## Setup
### Project setup

In [None]:
if run_init:
    %pip install -U pip
    !if  [ ! -d "deep-learning-project" ] ; then git clone https://github.com/albertsgarde/deep-learning-project.git; fi
    !cd deep-learning-project && git reset --hard && git pull && git checkout Fix_guitar_json && git pull
    !source deep-learning-project/setup.sh deep-learning-project
    import os
    os.chdir("deep-learning-project/deep-learning")
run_init = False

In [None]:
run_init = True

In [None]:
run_init = False

### Imports

In [None]:
import matplotlib.pyplot as plt
import IPython.display as display

import numpy as np
import itertools
import torch
import torch.nn as nn
import torch.nn.functional as nn_func
import torch.optim as optim
from torch.autograd import Variable

import audio_samples_py as aus

import utils.plots as plots
import utils.criterion as chord_criterion
import utils.utils as utils

### Device setup

In [None]:
device, use_cuda = utils.setup_device(use_cuda_if_possible = True)

## Data
### Parameters

In [None]:
SAMPLE_LENGTH = 1024
BATCH_SIZE = 64

## Data

### Synth parameters

In [None]:
SAMPLE_LENGTH = 1024
BATCH_SIZE = 64
SEED = 1 # Generates different data if changed. Useful to ensure that a result isn't a fluke.

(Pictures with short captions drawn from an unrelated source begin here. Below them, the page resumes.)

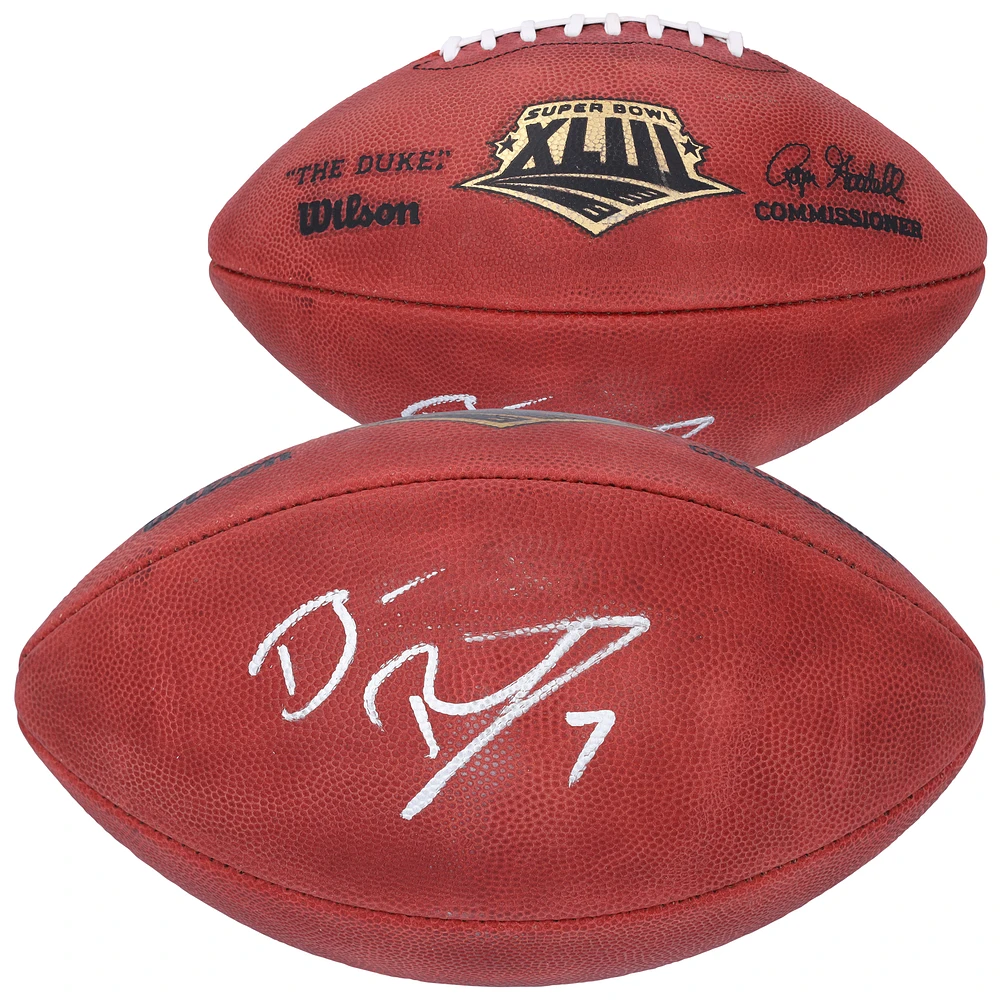 Ben Roethlisberger Pittsburgh Steelers Autographed Wilson Super Bowl XLIII Football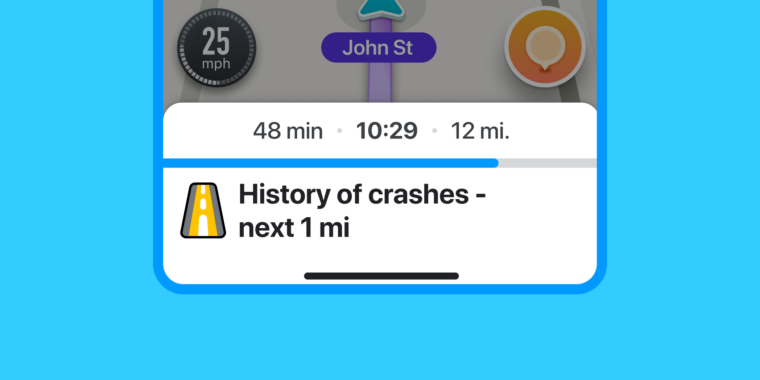 Waze avertira désormais les conducteurs des dangers d’accident en utilisant des données historiques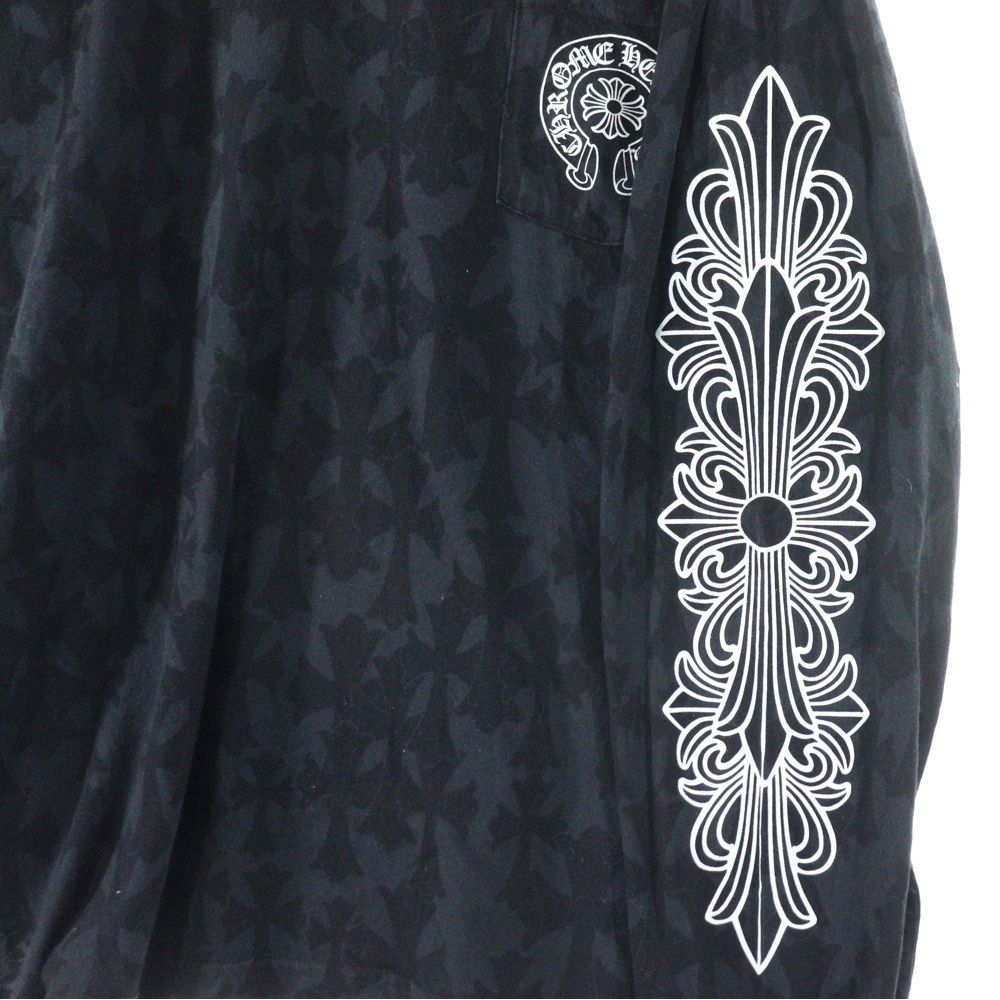 CHROME HEARTS (クロムハーツ) Graveyard Cemetery Cross Long Sleeve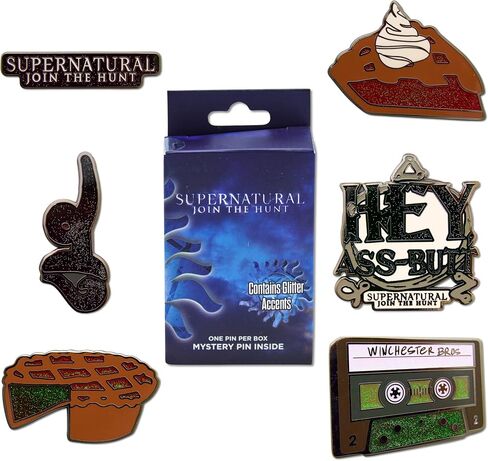 Supernatural Mystery Enamel Pin Blind Box Series, Join the Hunt Logo, Hey Ass-Butt, Cherry Pie, Cherry Pie Slice, Tulpa Tibetan Spirit Sigil, or Winchester Bros Mix Tape in Kuwait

possible_chord_types = [i for i in range(aus.num_chord_types())]
octave_parameters = aus.OctaveParameters(add_root_octave_probability=0.5,
        add_other_octave_probability=0.3)
parameters = aus.DataParameters(num_samples=SAMPLE_LENGTH, octave_parameters=octave_parameters, min_frequency=50, max_frequency=2000, min_frequency_std_dev=0.5, max_frequency_std_dev=3., possible_chord_types=possible_chord_types) \
    .add_sine(probability=0.5, amplitude_range=(0.1,0.2)) \
    .add_saw(probability=0.5, amplitude_range=(0.1, 0.2)) \
    .add_pulse(probability=0.5, amplitude_range=(0.1, 0.2), duty_cycle_range=(0.1, 0.9)) \
    .add_triangle(probability=0.5, amplitude_range=(0.1, 0.2)) \
    .add_noise(probability=1, amplitude_range=(0.001, 0.04)) \
    .apply_distortion(probability=0.5, power_range=(0.1, 20)) \
    .apply_normalization(probability=1)

### Loading

In [None]:
def init_rw_data(path, label_to_target, validation_size: float, batch_size: int):
    assert validation_size >= 0, f"validation size must be non-negative. validation_size={validation_size}"
    assert validation_size <= 1, f"validation size must be no greater than 1. validation_size={validation_size}"
    assert batch_size > 0, f"batch_size must be positive. batch_size={batch_size}"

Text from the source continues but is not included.